_EXERCISE INSTRUCTIONS_.
Please transcribe the listing below in full, exactly as written, leaving out its pictures.
(PROVIDED MATERIAL)
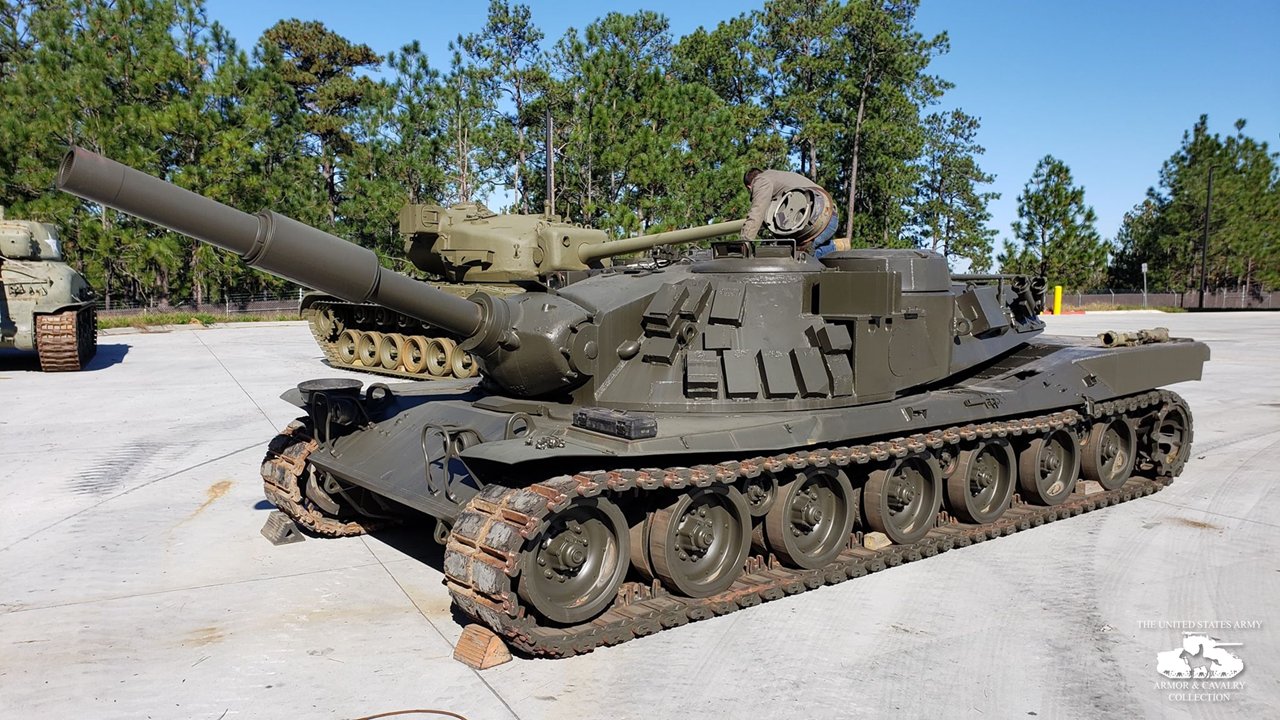 zu39rlbp4j261.jpg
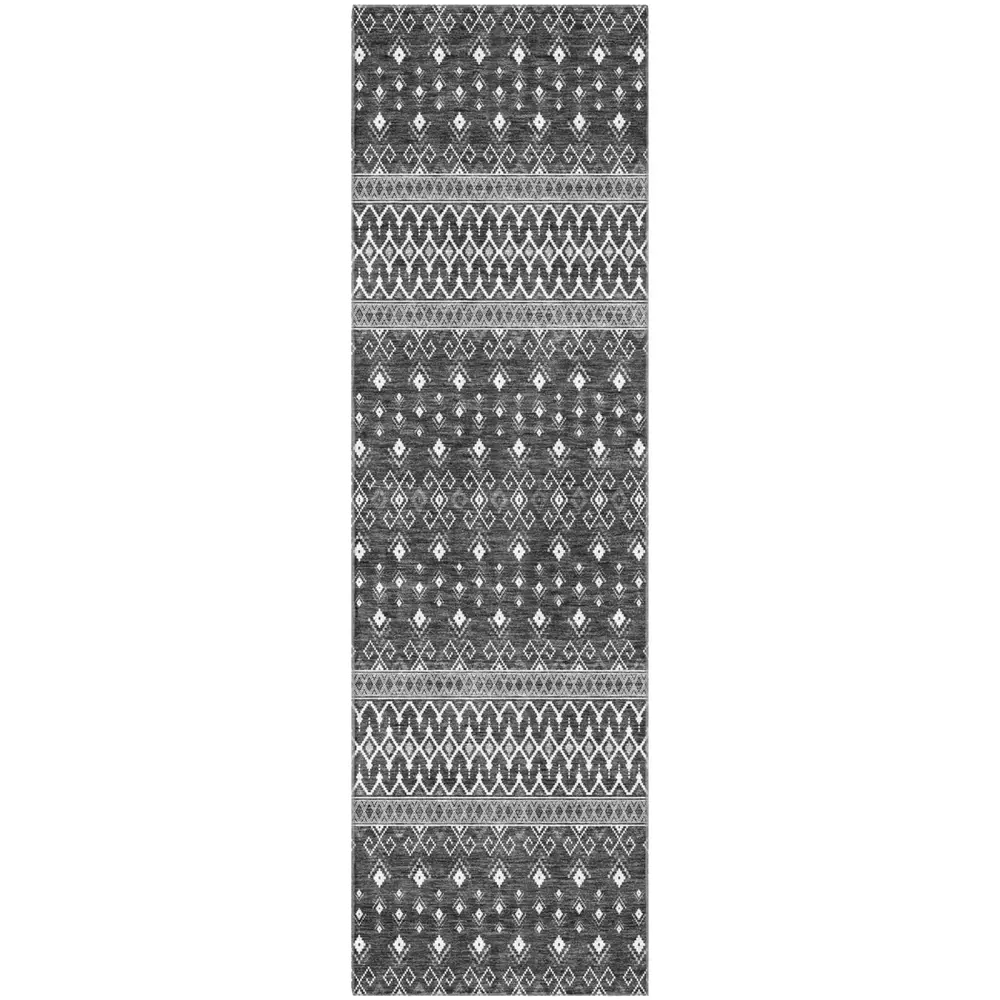 Mayfield AMF708 Gray 2'3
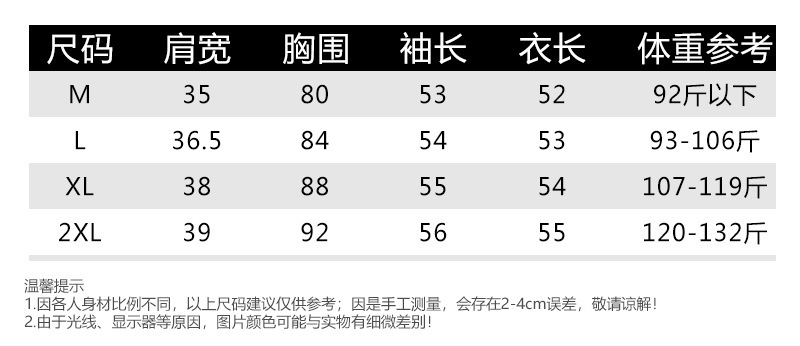 i2uUjf6mxdTrdS49SAV0xKe3S5gCjK9O9YyG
(End PROVIDED MATERIAL)
_RESPONSE FOR THIS EXERCISE_.
 zu39rlbp4j261.jpg
 Mayfield AMF708 Gray 2'3
 i2uUjf6mxdTrdS49SAV0xKe3S5gCjK9O9YyG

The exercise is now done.